How does one call a templated constructor inside of a class when
instantiating an object? I made up a quick sample to demonstrate.

#include <iostream>

class TestClass
{
public:
template <class T>
TestClass()
{
std::cout << "Called with type " << typeid(T).name() << std::endl;
}
};

int main()
{
TestClass testClass; // Error: How do I call the constructor and tell
it that I want to use an int for the template type?

std::cin.get();

return 0;
}

If it was done implicitly, where T was used in the parameter list of
the constructor, then it would be easy, but I actually have a case
where I need to be explicit.

Thanks in advance,

Lawrence

Jul 16 '07 #1
3 11896
Lawrence Spector wrote:
How does one call a templated constructor inside of a class when
instantiating an object? I made up a quick sample to demonstrate.

#include <iostream>

class TestClass
{
public:
template <class T>
TestClass()
{
std::cout << "Called with type " << typeid(T).name() << std::endl;
}
};

int main()
{
TestClass testClass; // Error: How do I call the constructor and tell
it that I want to use an int for the template type?

std::cin.get();

return 0;
}

If it was done implicitly, where T was used in the parameter list of
the constructor, then it would be easy, but I actually have a case
where I need to be explicit.
There is no way to do that. Any templated constructor has to have the
argument[s] from which the compiler will deduce the template arguments.
In your case you need to supply (at least a bogus) argument, like

template<class TTestClass(T* bogus) {
...
}

which you will supply as

TestClass testClass((int*)0); // means 'T' is 'int'.

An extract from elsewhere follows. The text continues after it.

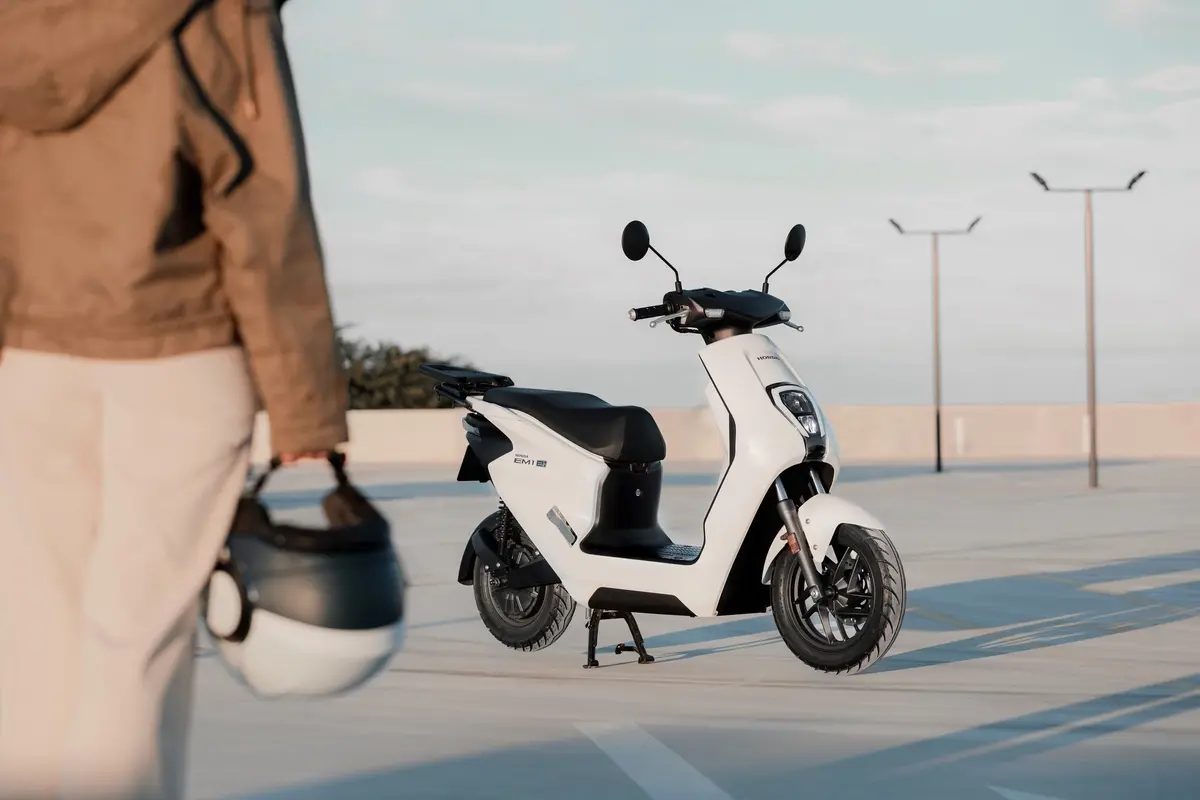 EM1 e : le premier scooter électrique Honda débarquera l'été prochain en Europe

You could invent some other (nicer, perhaps) way of providing the bogus
argument.

V
--
Please remove capital 'A's when replying by e-mail
I do not respond to top-posted replies, please don't ask
Jul 16 '07 #2
On Jul 16, 3:01 pm, "Victor Bazarov" <v.Abaza...@comAcast.netwrote:
Lawrence Spector wrote:
How does one call a templated constructor inside of a class when
instantiating an object? I made up a quick sample to demonstrate.
#include <iostream>
class TestClass
{
public:
template <class T>
TestClass()
{
std::cout << "Called with type " << typeid(T).name() << std::endl;
}
};
int main()
{
TestClass testClass; // Error: How do I call the constructor and tell
it that I want to use an int for the template type?
std::cin.get();
return 0;
}
If it was done implicitly, where T was used in the parameter list of
the constructor, then it would be easy, but I actually have a case
where I need to be explicit.

There is no way to do that. Any templated constructor has to have the
argument[s] from which the compiler will deduce the template arguments.
In your case you need to supply (at least a bogus) argument, like

template<class TTestClass(T* bogus) {
...
}

which you will supply as

TestClass testClass((int*)0); // means 'T' is 'int'.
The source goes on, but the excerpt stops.